- **Problem to solve**:
The job is to output each record exactly as it stands, pictures excluded.

- **Data section**:
BEGIN

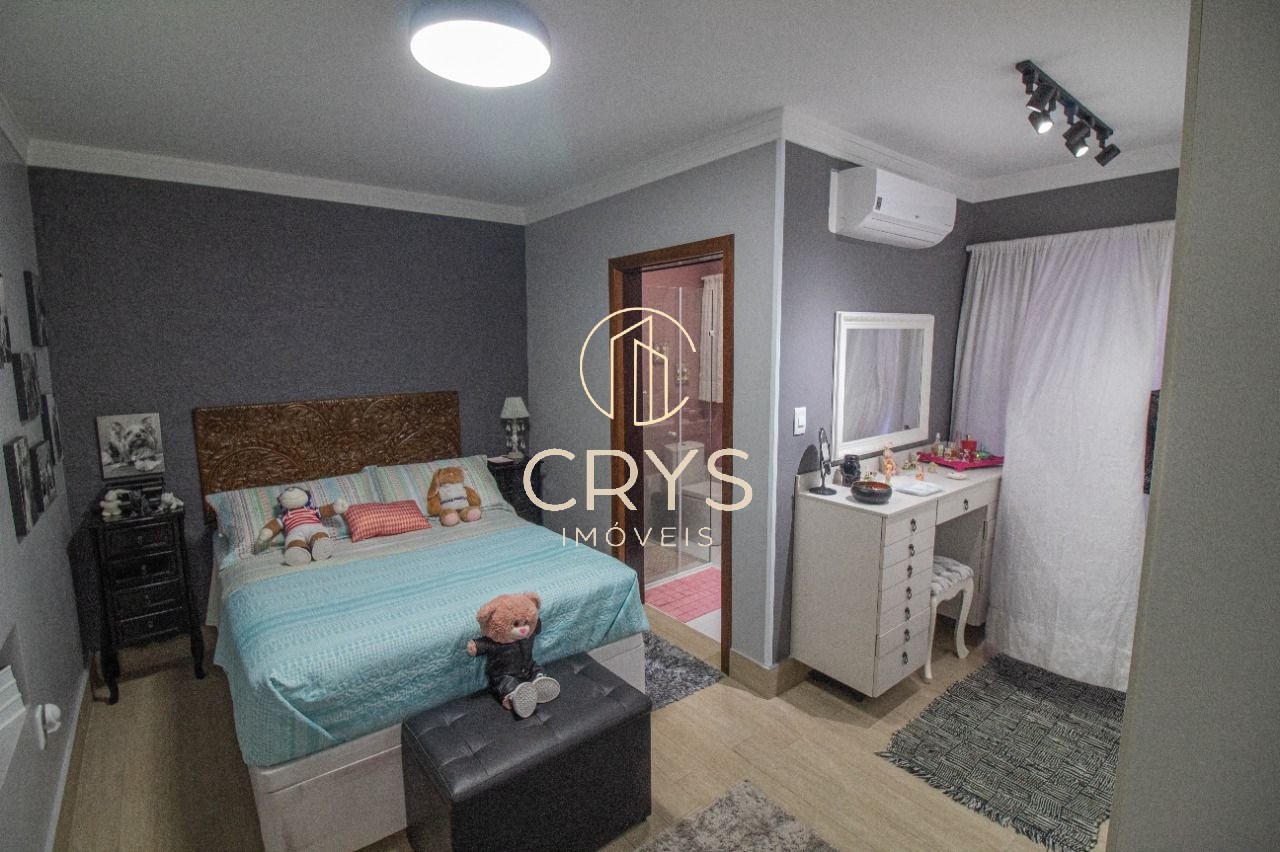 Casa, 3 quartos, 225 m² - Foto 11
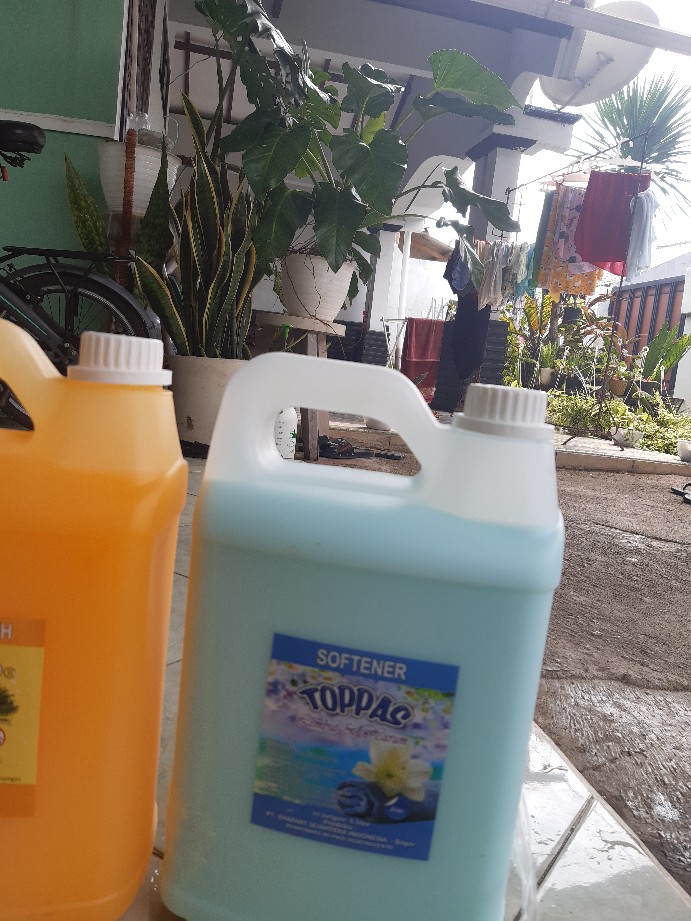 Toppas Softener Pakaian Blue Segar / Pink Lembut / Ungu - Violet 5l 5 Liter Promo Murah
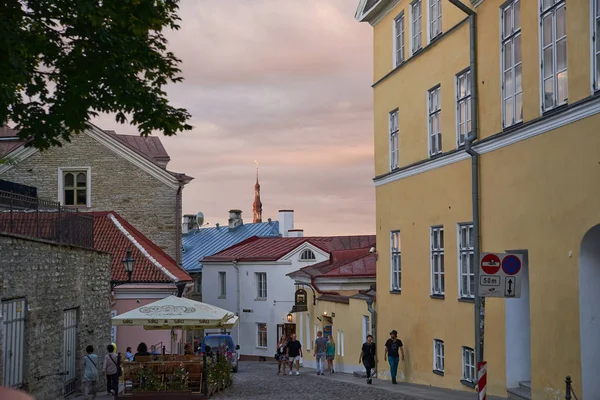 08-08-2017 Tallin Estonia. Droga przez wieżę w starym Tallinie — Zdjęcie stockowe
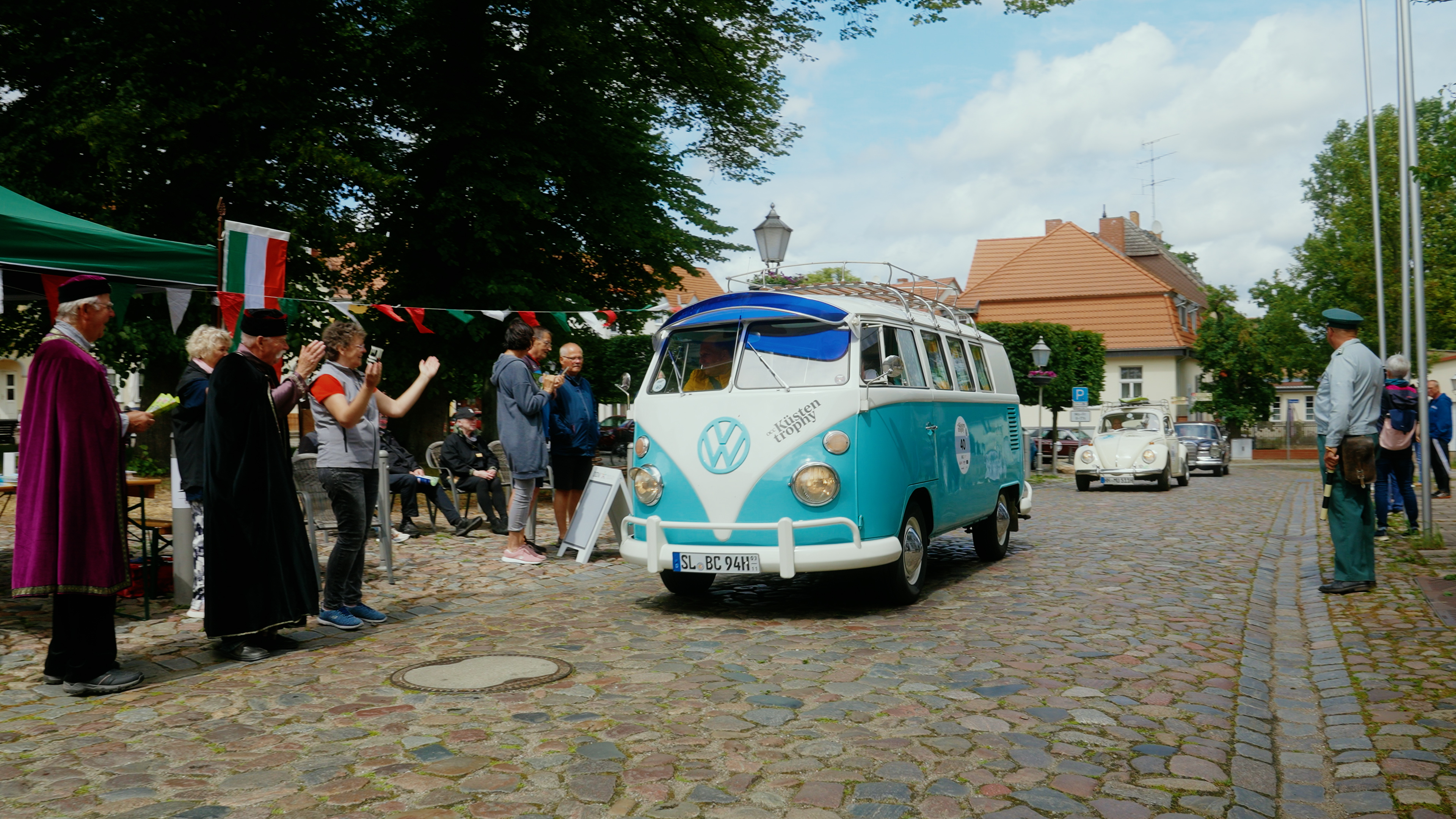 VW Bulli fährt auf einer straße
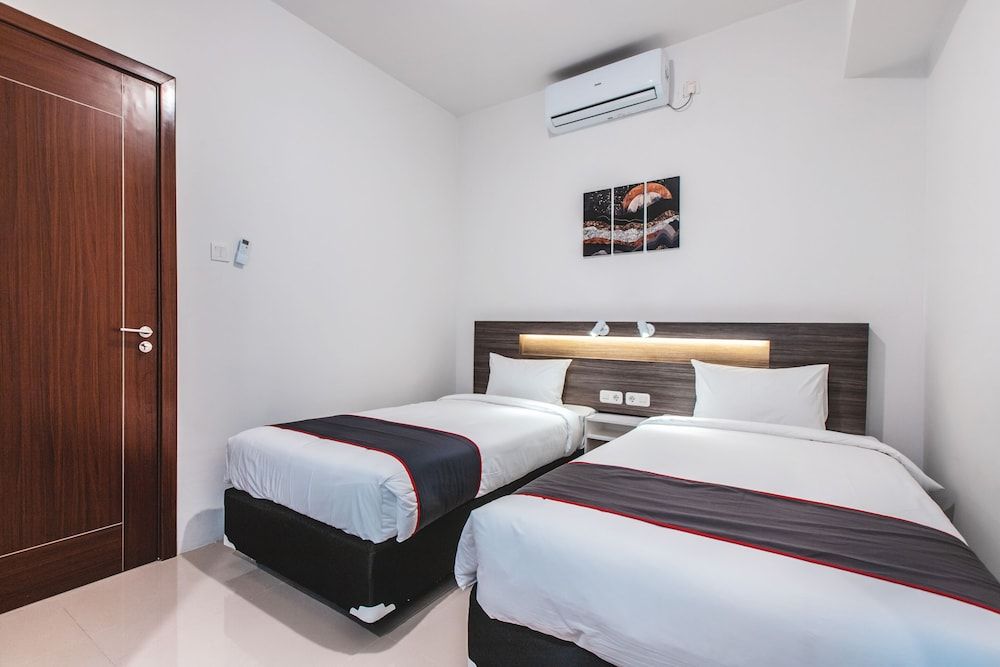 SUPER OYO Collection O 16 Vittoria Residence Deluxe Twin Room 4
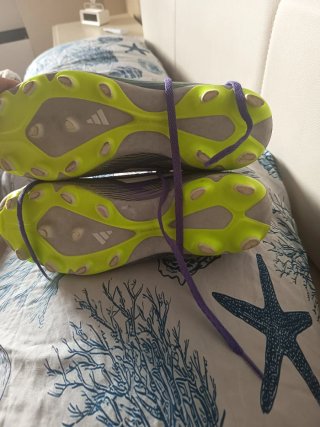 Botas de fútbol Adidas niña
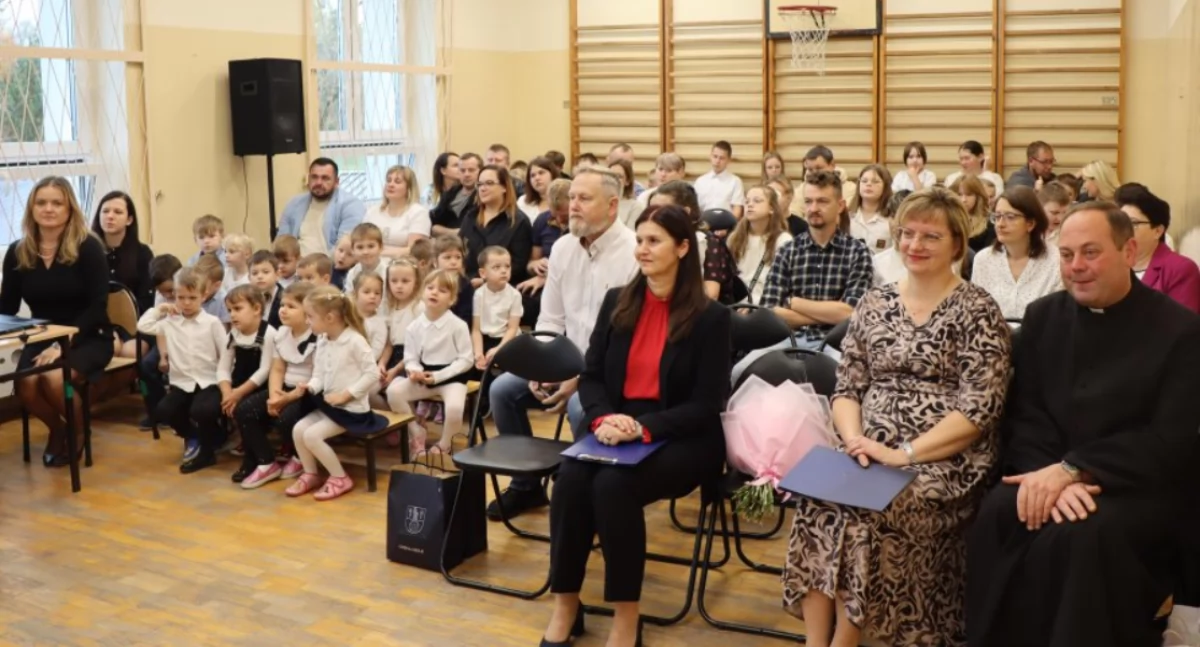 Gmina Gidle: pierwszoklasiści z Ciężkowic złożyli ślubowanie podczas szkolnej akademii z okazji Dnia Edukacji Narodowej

END

- **Task answer**:
 Casa, 3 quartos, 225 m² - Foto 11
 Toppas Softener Pakaian Blue Segar / Pink Lembut / Ungu - Violet 5l 5 Liter Promo Murah
 08-08-2017 Tallin Estonia. Droga przez wieżę w starym Tallinie — Zdjęcie stockowe
 VW Bulli fährt auf einer straße
 SUPER OYO Collection O 16 Vittoria Residence Deluxe Twin Room 4
 Botas de fútbol Adidas niña
 Gmina Gidle: pierwszoklasiści z Ciężkowic złożyli ślubowanie podczas szkolnej akademii z okazji Dnia Edukacji Narodowej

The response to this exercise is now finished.